April 24, 2014, 9:50 AM UTC
Fortune

What they are not telling their clients is that they’ve missed a chance to make some money.



FORTUNE — If the small army of analysts who track Apple (AAPL) are embarrassed by their failure — across the board — to alert clients that Apple was about beat the Street’s consensus and announce a 7-for-1 split, and that its shares might pop better than 8% in overnight trading, you wouldn’t know it from their post-earnings notes.

“Many analysts,” Carl Icahn tweeted after the numbers were released, “fail to understand company.”

In the 19 notes that have come our way I count 10 small, almost pro forma price target increases — three of them apparently fresh from the currency converter (up $48? $38? $29?).

We also saw several exhortations to purchase the stock. “Buy Apple, before Tim [Cook] does it himself,” RBC’s Amit Daryanani tells his clients. Now he tells them. After the stock has moved.

Excerpts below: 

Katy Huberty, Morgen Stanley: Stronger iPhone and User Growth Tees Up 2H14 Product Cycle. “We are buyers of the stock in light of low institutional ownership, stronger-than-expected iPhone sales, and upcoming product cycles not baked into consensus estimates… iPhone shipments of nearly 44M were above consensus of 38M and in line with the strength indicated by our AlphaWise Smartphone Tracker during the quarter. iPhone growth improved in a number of geographies, including double-digit growth in the US, 50% in Japan, and 28% in China. Improved mix drove gross margin to 39.3%, above guidance of 37-38%. Better-than-expected June guidance is in line with our prior model and straddles consensus at the high-end.” Rating: Overweight. Price target: $630

Colin Gilis, BGC: Haihu. “The iPad sales drop, should draw investor focus, more than iPhone sales.” Hold. $550. 

Bill Shope, Goldman Sachs.

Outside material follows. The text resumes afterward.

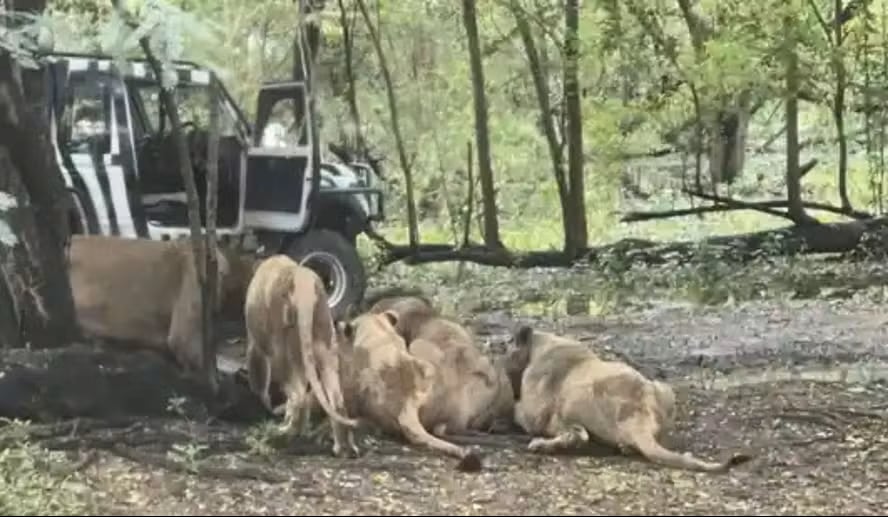 Funcionario murió tras ataque de leones en Tailandia. El hecho ocurrió frente a turistas y el zoológico cerró de forma temporal.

The platform shows its strength  “Overall, we believe the iPhone and gross margin upside should overshadow the iPad shortfall and slightly disappointing guidance. Most important, the company’s commentary around its installed base momentum and new user acquisition was far more encouraging than we anticipated; indeed, the company noted that it now has nearly 800 million iTunes accounts, up almost 40% from the levels in June of last year. Bottom line: this installed base growth provides a far more robust platform for future device growth (old and new categories) than the bulls or bears previously believed.” Buy. Raising price target to $620 from $610. 

Charlie Wolf, Needham: Finally, Apple Surprises On The Upside. “Notwithstanding the second quarter upside surprise, Apple’s ongoing dilemma is that in the segment of the smartphone market the iPhone is targeting—the high-end segment—demand is brand-driven and price-inelastic. In this segment, price reductions are an ineffective weapon to grow market share. In contrast, in the low price segment, brand is unimportant and demand is very price elastic. To grow the iPhone’s share, Apple would have to build a phone for $300 or less that targeted this segment. But the brand would count for little in the endeavor. Buy. $590.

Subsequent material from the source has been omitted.